- Information shown
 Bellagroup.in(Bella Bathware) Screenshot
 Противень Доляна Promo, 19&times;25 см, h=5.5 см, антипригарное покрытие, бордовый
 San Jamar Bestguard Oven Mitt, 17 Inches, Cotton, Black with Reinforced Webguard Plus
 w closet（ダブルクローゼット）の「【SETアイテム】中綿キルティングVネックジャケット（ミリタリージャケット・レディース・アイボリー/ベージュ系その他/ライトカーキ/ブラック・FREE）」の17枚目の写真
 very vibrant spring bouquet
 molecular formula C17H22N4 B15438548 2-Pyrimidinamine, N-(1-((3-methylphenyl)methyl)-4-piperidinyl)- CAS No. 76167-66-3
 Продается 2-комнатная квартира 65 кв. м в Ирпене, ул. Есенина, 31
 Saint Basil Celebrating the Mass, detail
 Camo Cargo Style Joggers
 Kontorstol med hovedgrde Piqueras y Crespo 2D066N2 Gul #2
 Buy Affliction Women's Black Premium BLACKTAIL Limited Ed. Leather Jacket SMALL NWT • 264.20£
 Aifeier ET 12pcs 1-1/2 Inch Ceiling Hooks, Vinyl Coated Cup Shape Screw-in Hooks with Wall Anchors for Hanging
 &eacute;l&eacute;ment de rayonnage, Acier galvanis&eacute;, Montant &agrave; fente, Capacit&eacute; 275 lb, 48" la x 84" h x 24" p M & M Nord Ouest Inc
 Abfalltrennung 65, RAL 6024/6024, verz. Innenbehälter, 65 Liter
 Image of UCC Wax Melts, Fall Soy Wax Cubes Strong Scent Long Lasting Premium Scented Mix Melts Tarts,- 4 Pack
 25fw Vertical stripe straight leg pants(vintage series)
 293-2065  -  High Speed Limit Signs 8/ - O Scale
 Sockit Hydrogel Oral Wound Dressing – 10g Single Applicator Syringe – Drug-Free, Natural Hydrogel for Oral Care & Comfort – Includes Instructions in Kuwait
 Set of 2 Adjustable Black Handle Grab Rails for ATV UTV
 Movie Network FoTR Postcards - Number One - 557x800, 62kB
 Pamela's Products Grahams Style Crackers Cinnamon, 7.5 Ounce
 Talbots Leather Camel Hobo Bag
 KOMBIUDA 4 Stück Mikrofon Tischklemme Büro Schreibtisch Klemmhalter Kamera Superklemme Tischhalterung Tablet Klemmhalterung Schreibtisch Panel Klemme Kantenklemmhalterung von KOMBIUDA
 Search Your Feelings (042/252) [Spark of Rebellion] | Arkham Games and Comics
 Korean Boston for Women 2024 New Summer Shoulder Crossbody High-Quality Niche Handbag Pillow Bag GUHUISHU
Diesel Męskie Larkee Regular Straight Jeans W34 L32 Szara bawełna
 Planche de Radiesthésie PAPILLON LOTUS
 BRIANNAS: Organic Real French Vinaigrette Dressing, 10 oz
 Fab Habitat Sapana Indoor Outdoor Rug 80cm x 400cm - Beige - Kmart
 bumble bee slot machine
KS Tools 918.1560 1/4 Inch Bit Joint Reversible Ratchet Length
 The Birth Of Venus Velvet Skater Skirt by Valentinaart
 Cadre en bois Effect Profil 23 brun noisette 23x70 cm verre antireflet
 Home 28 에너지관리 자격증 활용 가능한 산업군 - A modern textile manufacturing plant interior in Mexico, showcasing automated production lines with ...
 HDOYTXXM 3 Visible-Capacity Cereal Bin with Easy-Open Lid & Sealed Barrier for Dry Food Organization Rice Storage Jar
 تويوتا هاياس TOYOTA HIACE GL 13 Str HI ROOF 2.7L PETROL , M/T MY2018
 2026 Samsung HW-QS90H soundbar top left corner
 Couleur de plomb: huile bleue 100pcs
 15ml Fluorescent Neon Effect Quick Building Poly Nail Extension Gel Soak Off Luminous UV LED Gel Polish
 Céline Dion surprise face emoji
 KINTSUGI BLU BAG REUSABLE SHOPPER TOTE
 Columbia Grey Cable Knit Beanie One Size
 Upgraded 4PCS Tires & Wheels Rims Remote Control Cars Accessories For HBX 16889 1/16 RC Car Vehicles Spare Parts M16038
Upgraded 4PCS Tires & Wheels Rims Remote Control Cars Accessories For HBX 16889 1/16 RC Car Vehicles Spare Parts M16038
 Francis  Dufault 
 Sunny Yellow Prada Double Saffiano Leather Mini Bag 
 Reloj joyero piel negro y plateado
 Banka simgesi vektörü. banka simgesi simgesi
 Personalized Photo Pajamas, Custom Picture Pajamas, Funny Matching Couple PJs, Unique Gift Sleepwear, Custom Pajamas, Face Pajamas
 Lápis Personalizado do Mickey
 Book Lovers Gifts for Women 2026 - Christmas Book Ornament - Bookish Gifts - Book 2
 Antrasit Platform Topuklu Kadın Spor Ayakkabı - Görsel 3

- What is required
The reply should consist solely of the lines of the data, exact, from the opening line through the line with "San Jamar Bestguard", inclusive.

- Finished exercise
 Bellagroup.in(Bella Bathware) Screenshot
 Противень Доляна Promo, 19&times;25 см, h=5.5 см, антипригарное покрытие, бордовый
 San Jamar Bestguard Oven Mitt, 17 Inches, Cotton, Black with Reinforced Webguard Plus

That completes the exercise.